Anna did not reply. It was Miss Ackerman’s own business, whether to stay with the injured boy or return to the damaged man. Anna busied herself with taking rolled bandages off the shelf, putting a handful of comfrey to soak, bustling in that way she had developed over years. It made people feel she had things well in hand. It served her well, times like these. It calmed Miss Ackerman down a bit, and in turn that calmed the little boy, though he still whimpered.
The baron was worsening. Now it seemed even the children were not safe from his strange fits of temper and unprovoked violence.
Anna handed the bandages and wet herbs to Ruth, who set about doing as Anna had taught her years ago. “He should be carried to the doctor,” Anna told her. “Mr. Norris can find a man to see to it, soon as he returns.”
Ruth looked up at her, tears staining her cheeks. “Anna – we cannot send Papa to an asylum. It would be such a cruel fate, to lock up a man such as he was. Oh, to die in such a place!”
Anna nodded. “I’ll finish preparing his dose. He will need stronger medicine after this upset.”
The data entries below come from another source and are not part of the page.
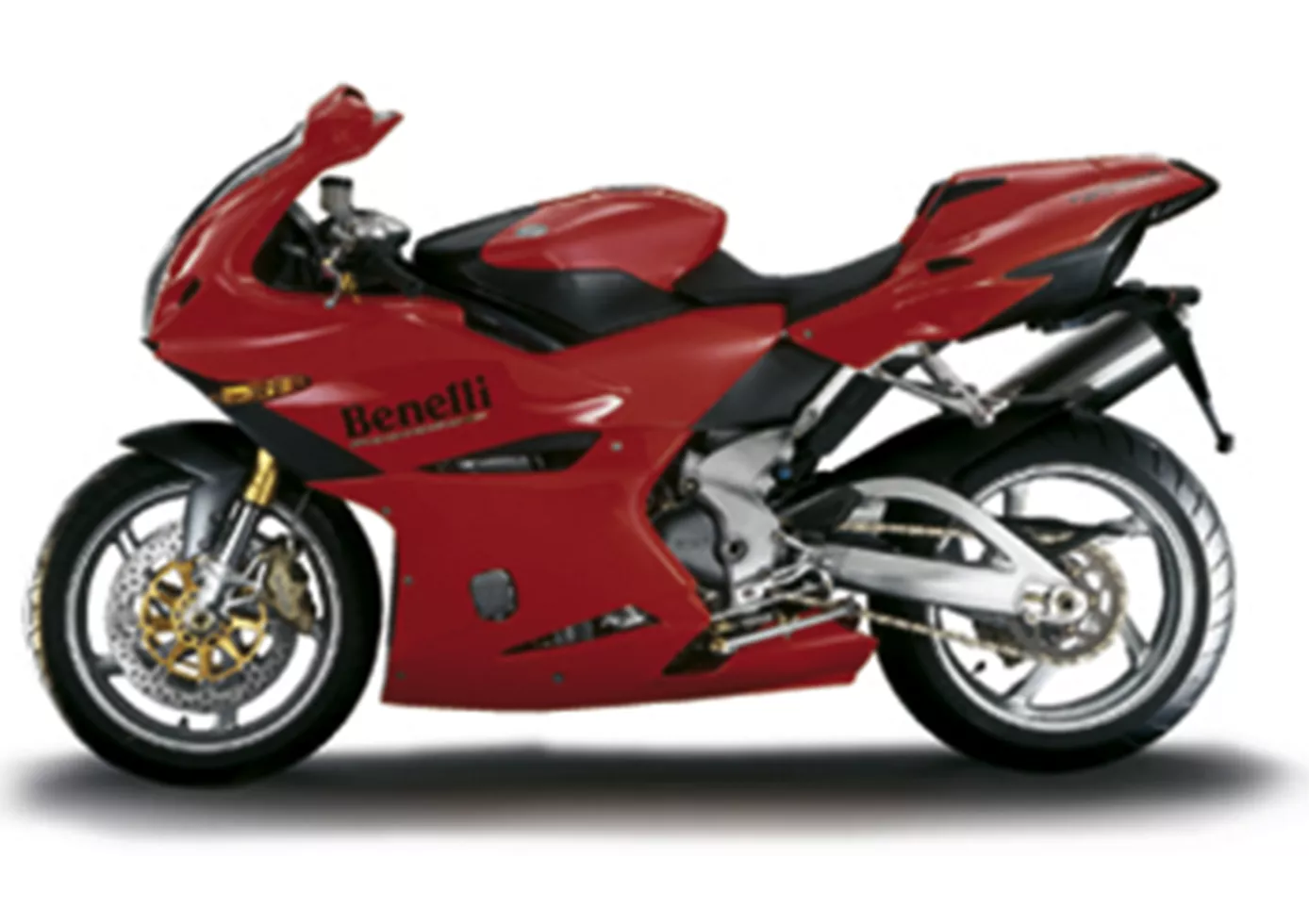 Benelli Tornado 900 Tre 2005 Benelli Tornado 900 Tre 2005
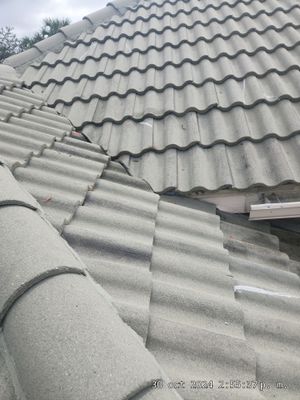 Concrete Tile Roof Repair in Wellington – Expert Restoration & Leak Repair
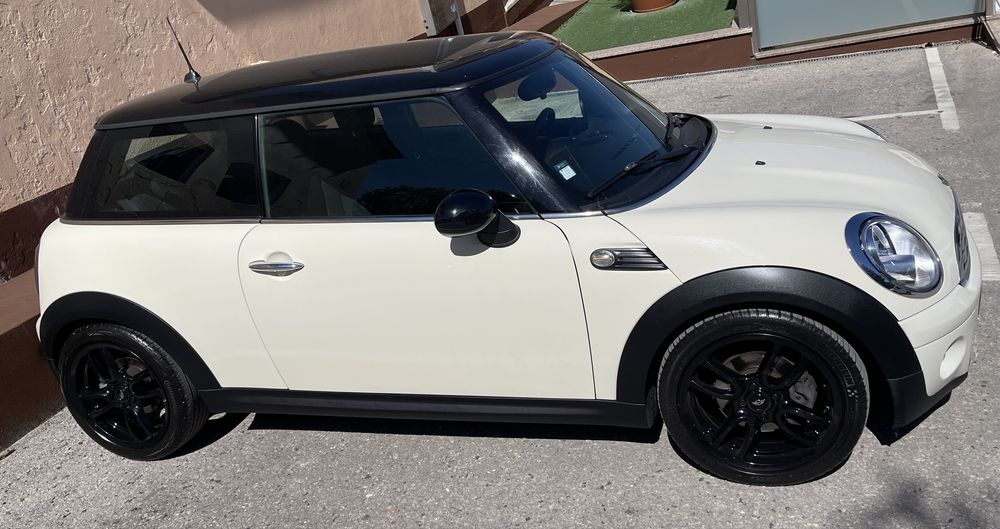 Vendo Mini Cooper D 1.6 110CV482672668385617921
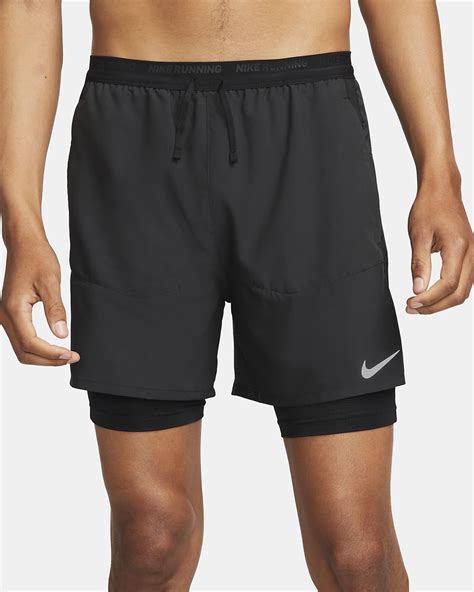 nike herren laufshorts 2-in-1|Mens 2.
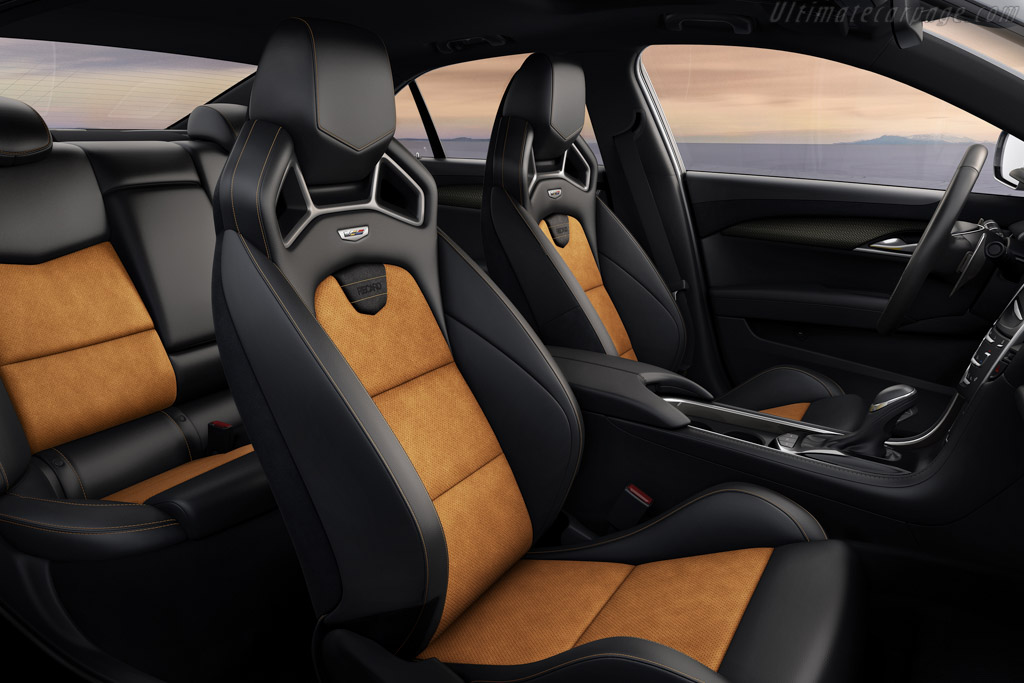 Cadillac ATS-V Sedan
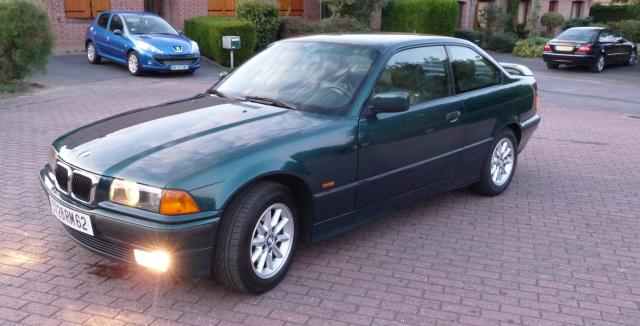 Bmw Technique Puni Ma Bmw 323i M50 2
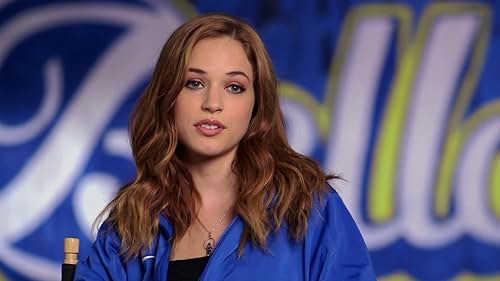 Pitch Perfect 2: Alexis Knapp On The Movie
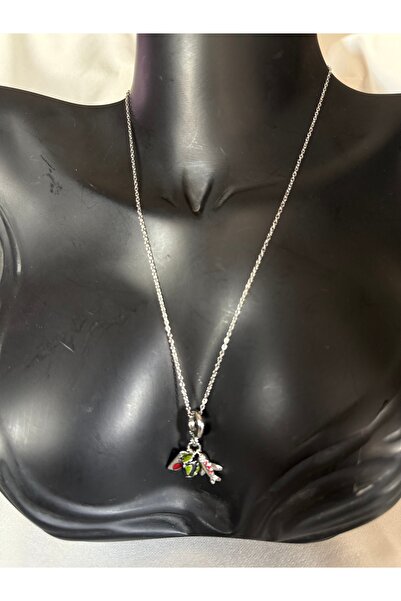 ALBATROS 316 L Çelik Uçak ,Dünya, Pasaport Kolye Uçlu Kolye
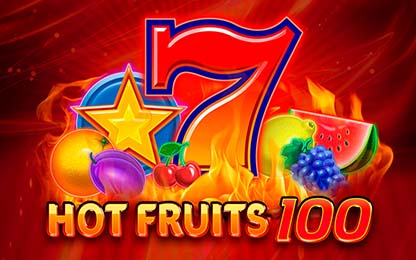 Hot Fruits 100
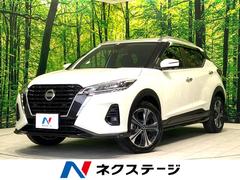 日産　キックス　Ｘ　純正９型ナビ　禁煙車　プロパイロット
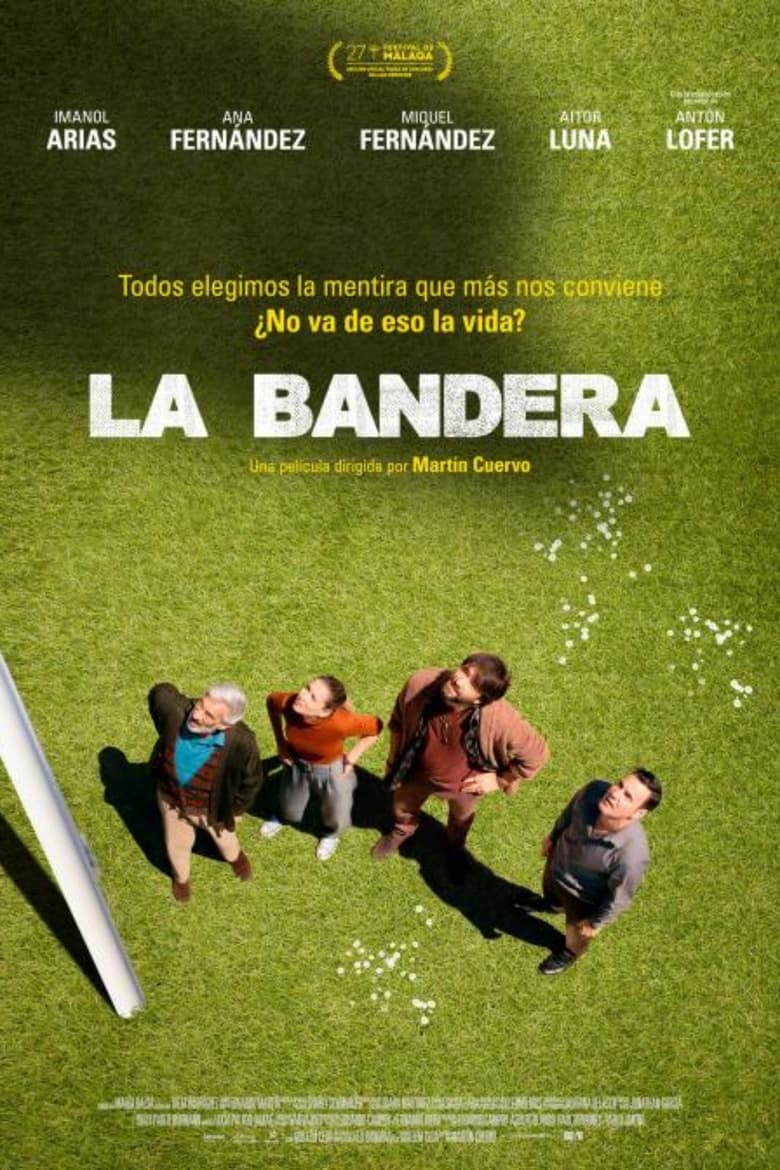 Poster of La bandera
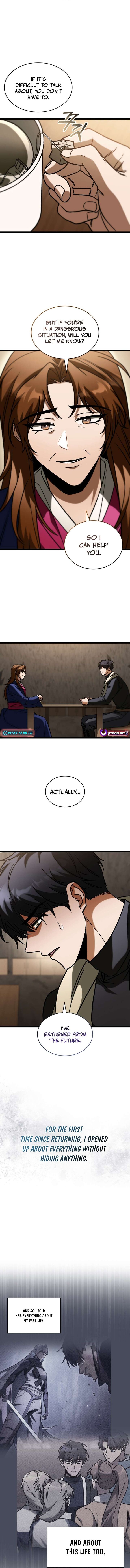 F Class Destiny Hunter Chapter 99 Page 8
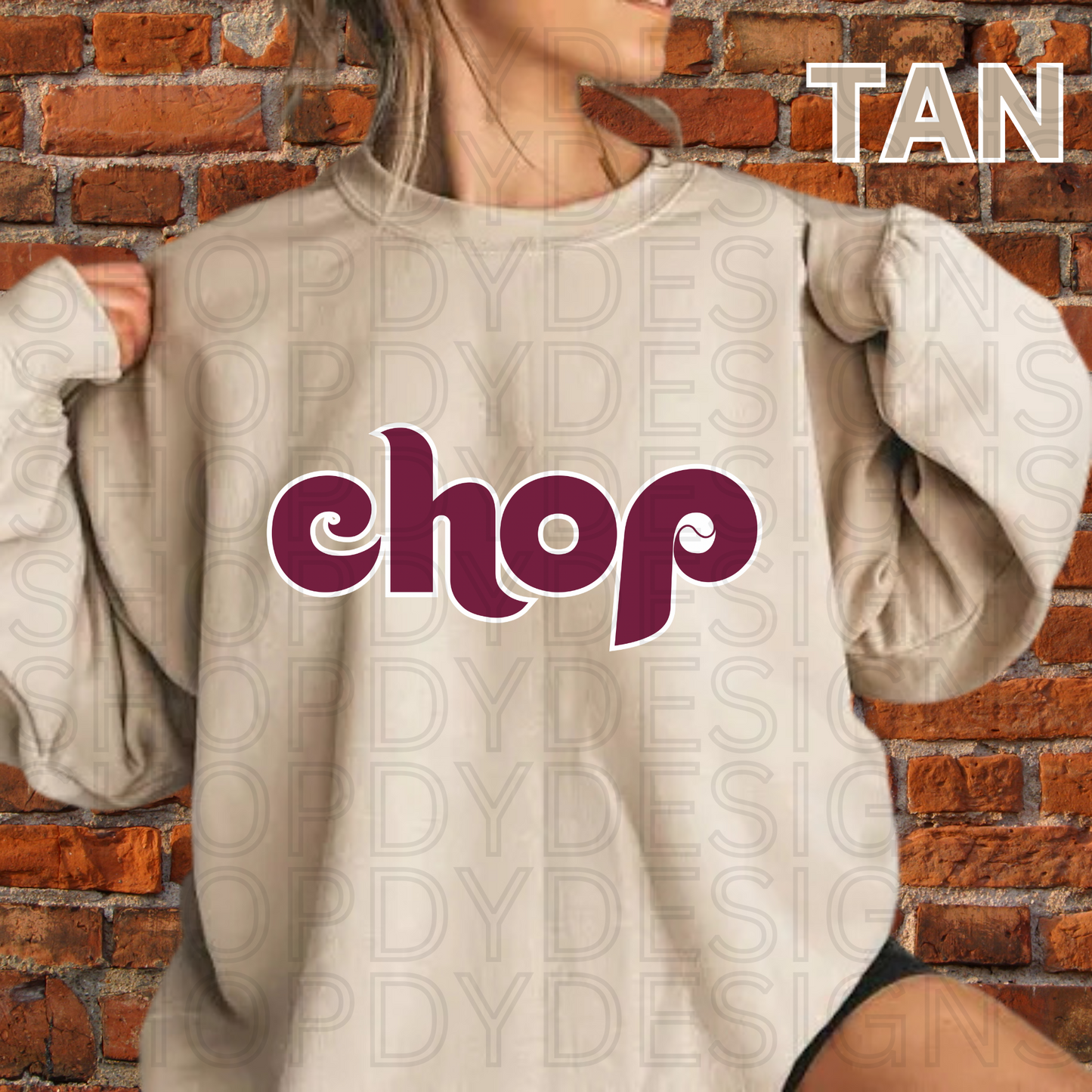 CHOP Retro Phils T-Shirt/Crewneck/Hoodie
Miss Ackerman looked up. She seemed startled by the tone in the faithful old housekeeper’s voice. Their eyes met for a second, and then Ruth nodded, once, very slowly.
“He was such a very good man,” she whispered. “Before mama died. Before he fell. A good man and a good father.”
“Yes, Miss Ackerman,” Anna agreed, as she set the willow tea back on the stove and reached for a stool. She needed the extra height to retrieve the jar of foxglove petals.